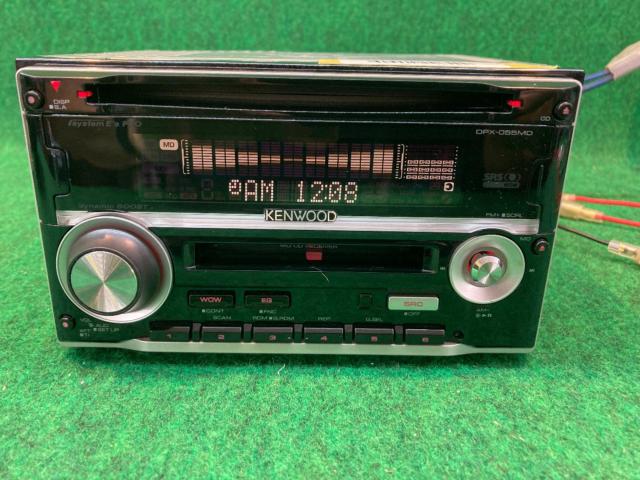 KENWOOD DPX-055MD【2DINヘッドユニット CD/MD/MDLP/チューナー 2007年モデル】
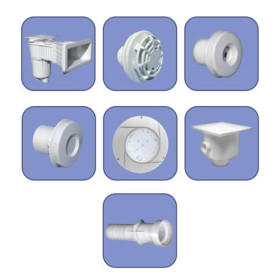 Kit pièces à sceller pour piscine à revêtement liner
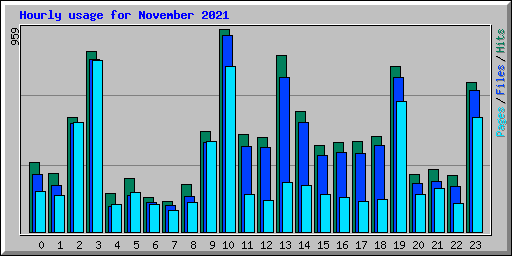 Hourly usage for November 2021
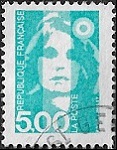 Marianne de Briat - 5F turquoise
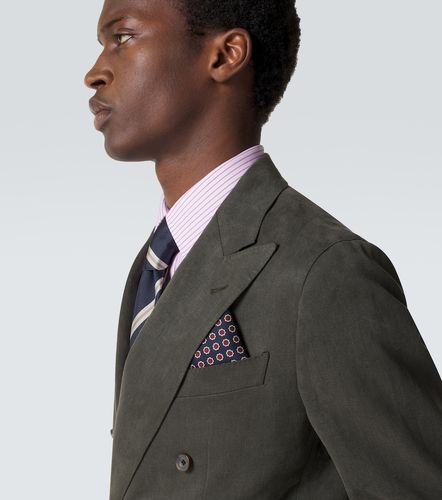 Mouchoir de poche imprimé en soie - Dunhill - Modalova
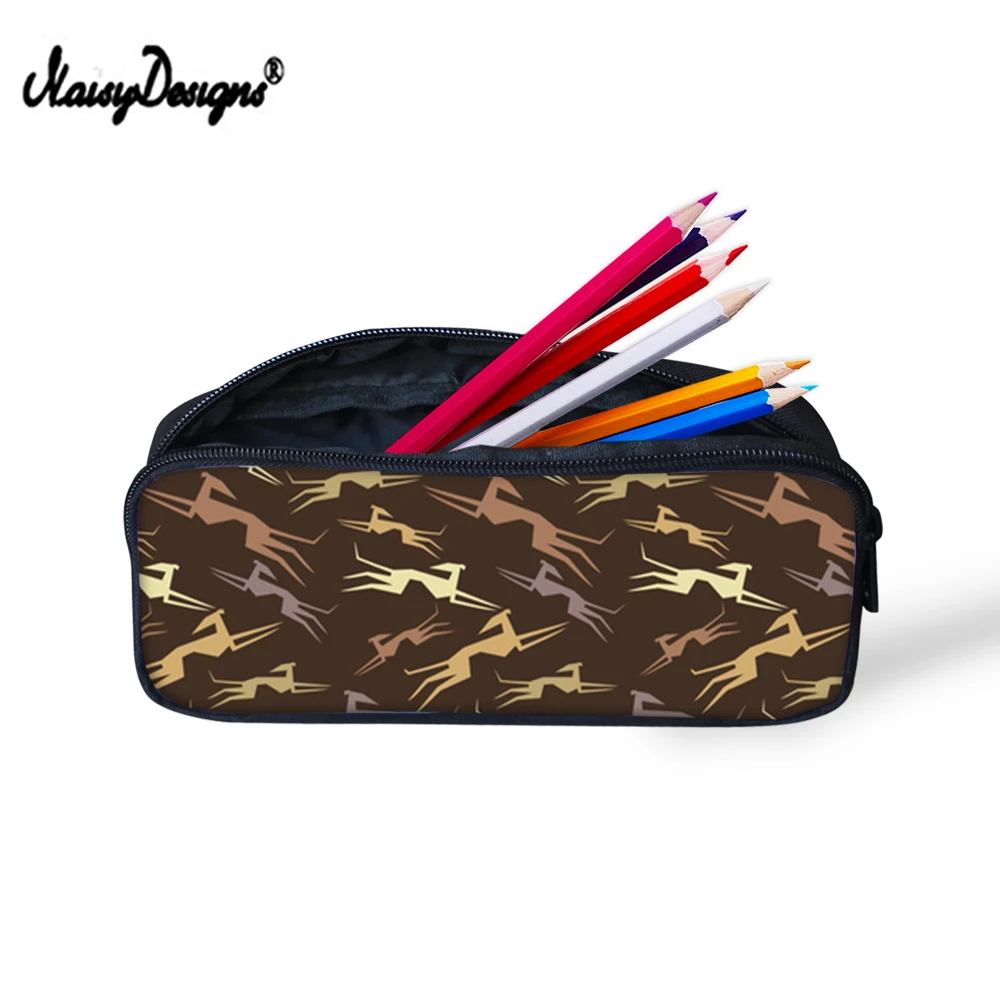 Большой чехол для карандашей на заказ с принтом Greyhound Мультяшные сумки молнии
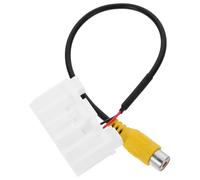 Housoutil Adaptador de arnés de video de entrada de cámara de respaldo para adaptador estéreo duradero para una visión trasera sin costuras, fácil instalación y rendimiento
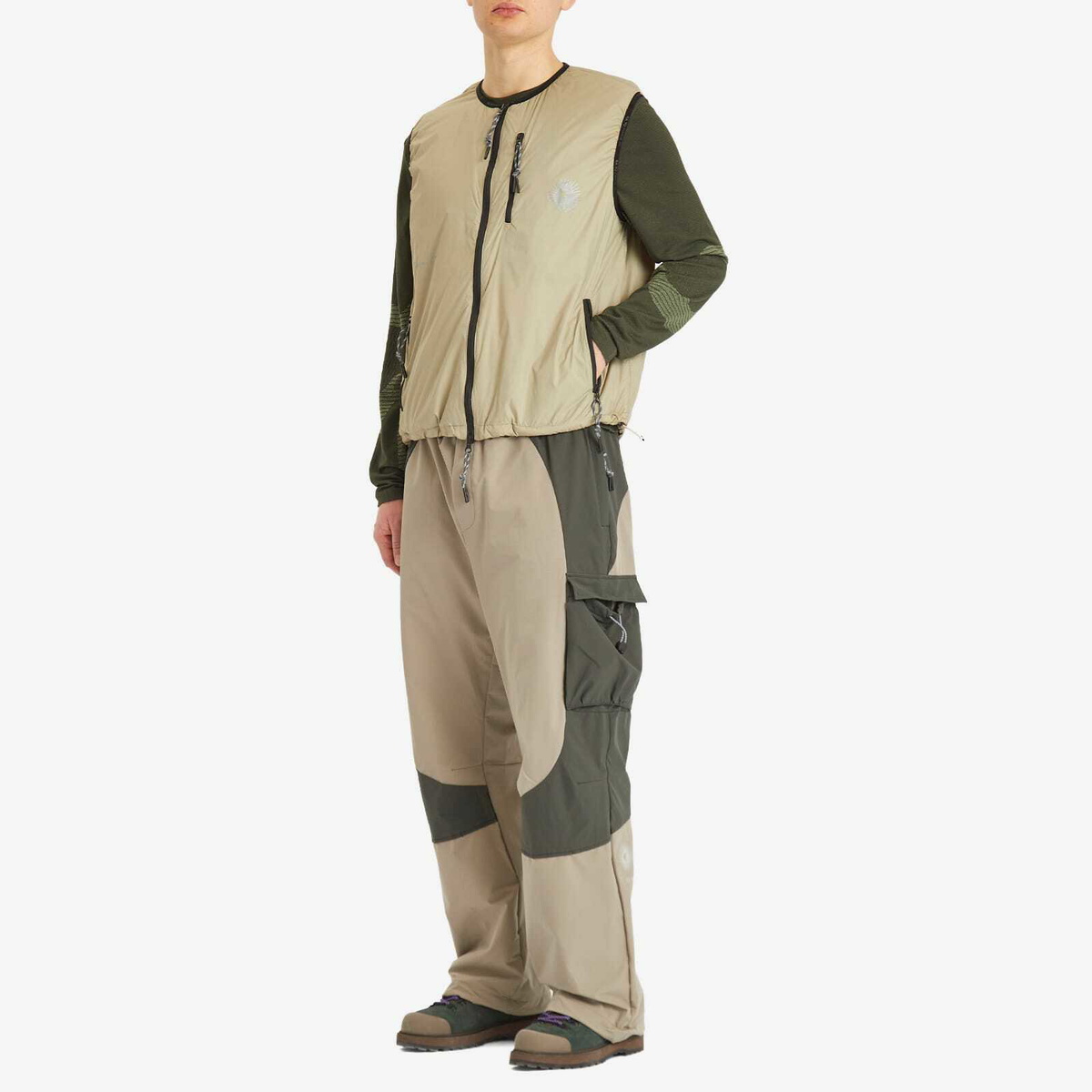 KA_YO_Prototype Men's Insulated Vest in Hay Beige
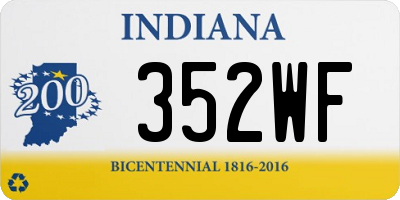 IN license plate 352WF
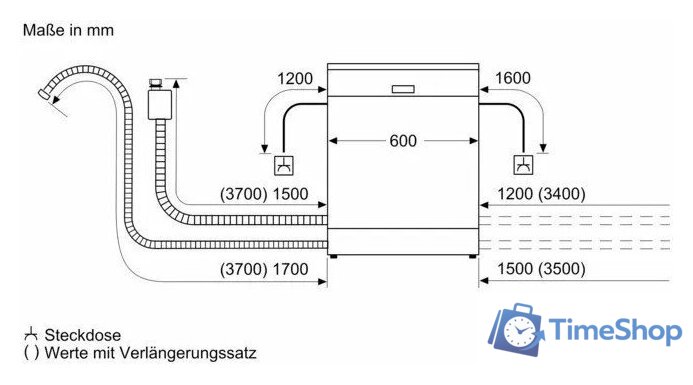 Отдельностоящая посудомоечная машина Bosch Serie 2 SMS2ITW09E - Изображение №12 — Интернет-магазин Time-Shop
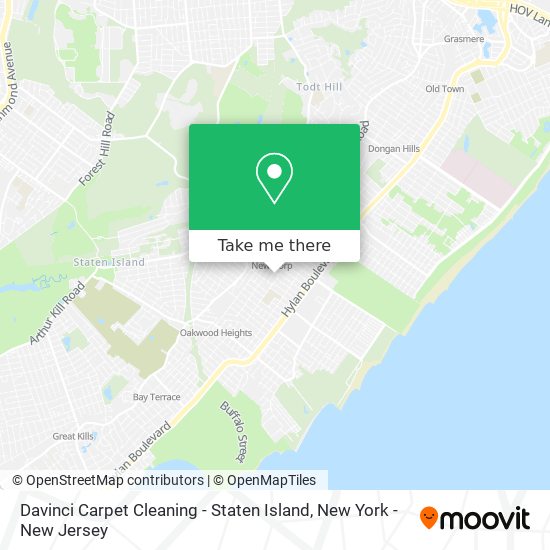 Mapa de Davinci Carpet Cleaning - Staten Island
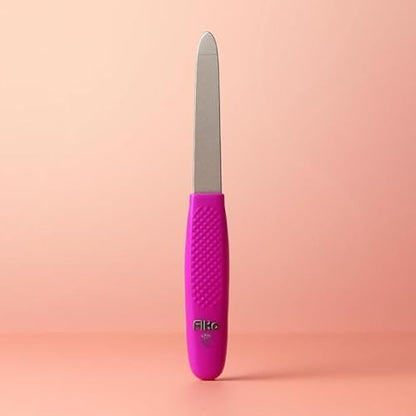 Pink 16cm Nail File - Portable Manicure & Pedicure Nail Filer Emery Board for Home Travel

**PROBLEM TO WORK ON**: Write out the listing word for word, omitting the pictures it holds.

**SOLUTION**:
 KENWOOD DPX-055MD【2DINヘッドユニット CD/MD/MDLP/チューナー 2007年モデル】
 Kit pièces à sceller pour piscine à revêtement liner
 Hourly usage for November 2021
 Marianne de Briat - 5F turquoise
 Mouchoir de poche imprimé en soie - Dunhill - Modalova
 Большой чехол для карандашей на заказ с принтом Greyhound Мультяшные сумки молнии
 Housoutil Adaptador de arnés de video de entrada de cámara de respaldo para adaptador estéreo duradero para una visión trasera sin costuras, fácil instalación y rendimiento
 KA_YO_Prototype Men's Insulated Vest in Hay Beige
 IN license plate 352WF
 Отдельностоящая посудомоечная машина Bosch Serie 2 SMS2ITW09E - Изображение №12 — Интернет-магазин Time-Shop
 Mapa de Davinci Carpet Cleaning - Staten Island
 Pink 16cm Nail File - Portable Manicure & Pedicure Nail Filer Emery Board for Home Travel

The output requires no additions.